Charles made one not very convincing attempt to march on London when Rupert, on November 11, took and briefly held, a Parliamentary outpost at Brentford. But the London trained bands streamed out to protect their city, and faced with a force of 24,000 men, outnumbering him by two to one, Charles withdrew. He might have crossed into Kent at Kingston and drawn upon the support for him there, but the campaigning season was over and he preferred to settle down in Oxford for the winter. The fortifications of the city, begun before Charles's arrival, were continued. The High Street was blocked at East Bridge by logs and a timber gate, while a bulwark between it and the Physic Garden wall supported two pieces of ordnance, and loads of stone were carried up Magdalen Tower to fling down upon the enemy. The digging of trenches was ordered at vulnerable points between St John's College and the New Park, and in Christ Church Meadow, but the response was poor and when Charles reviewed the work he spoke to the citizens personally, afterwards issuing an Order that everyone over the age of sixteen and under sixty should work on fortifications for one day a week or pay twelve pence for each default.
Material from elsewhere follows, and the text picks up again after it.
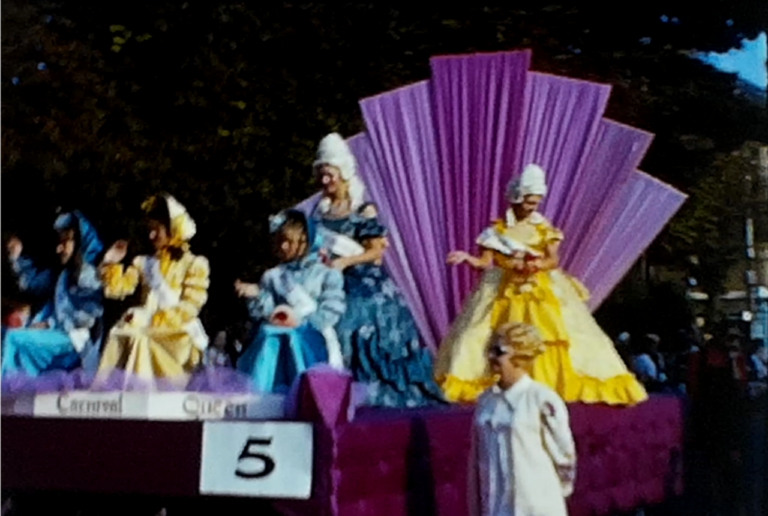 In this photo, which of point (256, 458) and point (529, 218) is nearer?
point (256, 458)

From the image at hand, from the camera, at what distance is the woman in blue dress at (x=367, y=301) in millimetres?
1558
Plans were made to use the waters of the Thames and Cherwell, which surrounded the city on all sides except the North, as an additional defence, the vulnerable North being protected by regiments at Enstone, Woodstock, and Islip. Communications with Reading, which the Royalists held, were kept open by garrisons at Wallingford and Abingdon. Strong garrisons at Banbury, Brill, Faringdon and Burford completed an outer ring of defences behind which Charles at last had a little time for contemplation as he and his army settled in for the winter.
But first he attended to the pleasant task of honouring his children by conferring the degrees of MA upon them; for Dr Harvey, Cambridge and Padua, there was the distinction of an Oxford MD. So
popular among his followers were these awards that Charles found himself sponsoring 18 Doctors and 48 Bachelors of Divinity; 34 Doctors and 14 Bachelors of Civil Law; five Doctors and eight Bachelors of Physics; 76 MAs and 12 BAs. As the day of inauguration wore on the Chancellor's actions became more mechanical, his attention lapsed, and many men who had not been named thrust themselves forward after candlelight to receive the coveted honour. The granting of degrees was an easy way for Charles to reward his followers, and by the following February the University was tired out with one Convocation after another and Charles, without ill-will, agreed to curtail his academic awards.[4]
Meanwhile printing presses, many of them clandestine, were proliferating, especially in London, giving vent to every kind of opinion, religious, social, political; reporting battles, conferences, proceedings in Parliament or in Oxford. They came from both sides and neither side and voiced complaints that could be laid at the door of either party or no party, they proposed solutions that were practical or Utopian, they expressed new antagonisms, new alignments as the struggle proceeded and they reflected every shade of opinion and belief that the violent opening of society generated. A London bookseller, George Thomason, set out to collect a copy of every pamphlet and news-sheet that came his way from the beginning of the Long Parliament. For the year 1642, the peak year, he had well over 2000 and the numbers were always well over a thousand. They included the news-sheets which were the successors of the corrantos brought to England from Holland during the earlier stages of the Thirty Years War and which now began to appear as regular weekly newspapers. Charles had been as quick as anyone to appreciate the value of print and of regular reporting. He took a printing press with him when he left London and one of the first things he did in Oxford was to inaugurate a weekly news-sheet. Its first appearance as Mercurius Aulicus in January 1643 was preceded by a few days by Parliament's Kingdomes Weekly Intelligencer. Aulicus was published from Oriel College under the editorship of Dr Peter Heylin, the Laudian divine, but its leader-writer and subsequent editor was Sir John Berkenhead, a brilliant protégé of William Laud, a Fellow of All Souls College, Oxford, who had worked for some time with the Archbishop at Lambeth Palace. Aulicus seems to have had two printing presses at Oxford and, remarkably, it was also printed in London. The opening paragraph of the first number referred to its
rival — 'a weekly cheat' put out to nourish falsehood amongst the people and 'make them pay for their seducement'. Aulicus would make them see 'that the Court is neither so barren of intelligence . . . nor the affaires thereof in so unprosperous a condition, as these Pamphlets make them'. In its 118 numbers, ending with the issue of 31 August — 7 September, 1645, Aulicus maintained a high standard of informed and witty reporting, receiving its news items and effecting a system of distribution and sale in and out of Oxford and even in London under the very eyes of Parliament.[5] It competed with some 170 different news-sheets which appeared for longer or shorter periods and hundreds of pamphlets, many of which made their way to Oxford. Charles was enormously interested in all the pamphlet literature. Early in January 1643, for example, The Complaint of London, Westminster, and the parts adjoyning was being read to him while he was taking supper and he did not rise until it was finished.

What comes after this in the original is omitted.